» **The task**:
Return each line exactly, from the one that has "Bodega Encomienda de Cervera" through the end of the entries, both ends included. Pictures do not belong.

» **Entries supplied**:
*-*-*
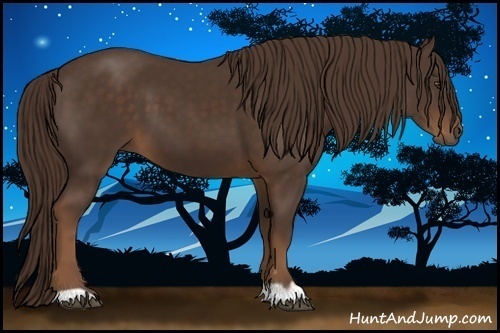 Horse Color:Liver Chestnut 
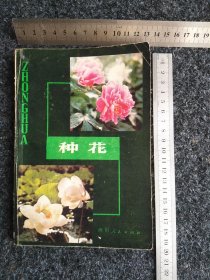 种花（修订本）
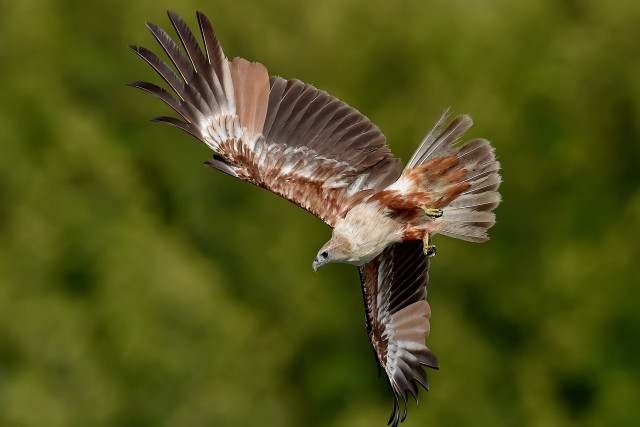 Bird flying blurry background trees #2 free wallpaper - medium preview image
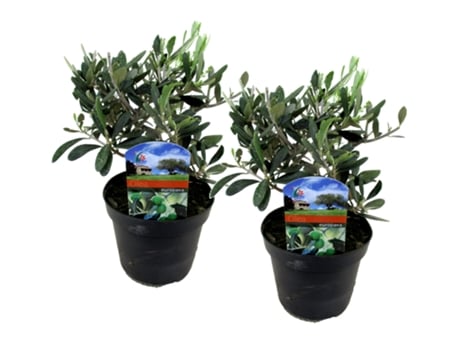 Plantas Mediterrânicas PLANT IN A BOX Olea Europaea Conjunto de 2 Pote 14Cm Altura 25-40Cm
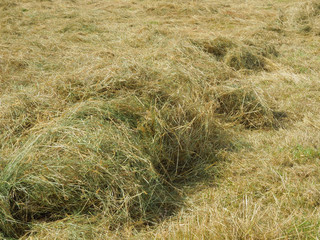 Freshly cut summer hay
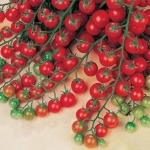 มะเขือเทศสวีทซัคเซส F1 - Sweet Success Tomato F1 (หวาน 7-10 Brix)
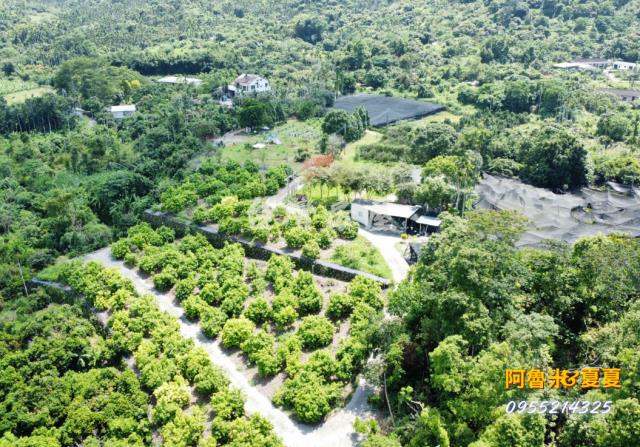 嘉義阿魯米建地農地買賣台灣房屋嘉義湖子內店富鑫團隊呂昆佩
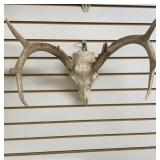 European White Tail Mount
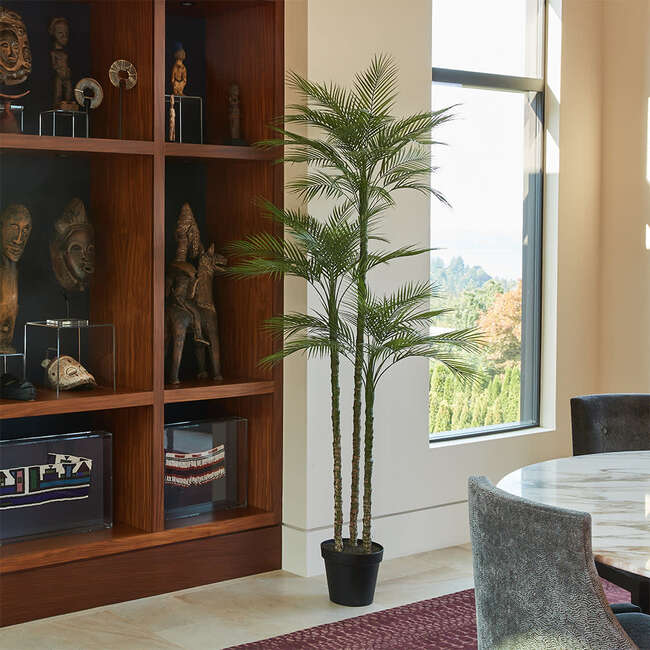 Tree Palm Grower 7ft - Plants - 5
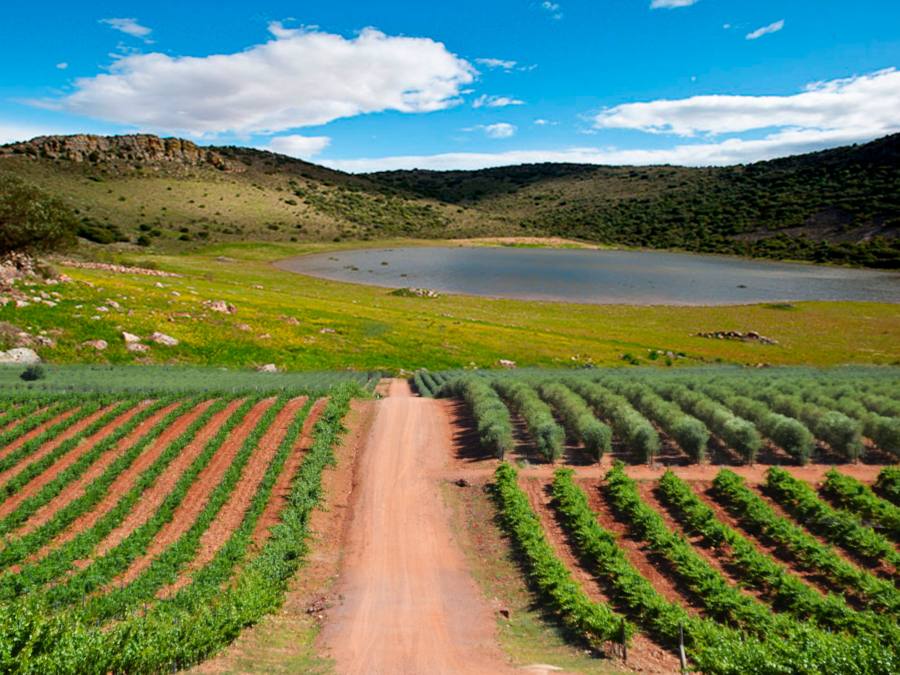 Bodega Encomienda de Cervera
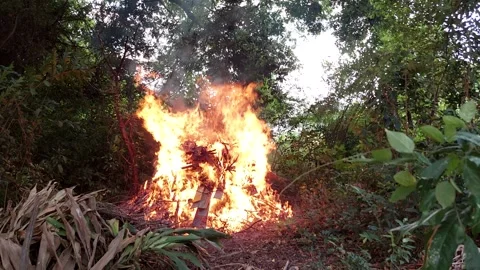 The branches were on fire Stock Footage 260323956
*-*-*
» **Solved exercise**:
 Bodega Encomienda de Cervera
 The branches were on fire Stock Footage 260323956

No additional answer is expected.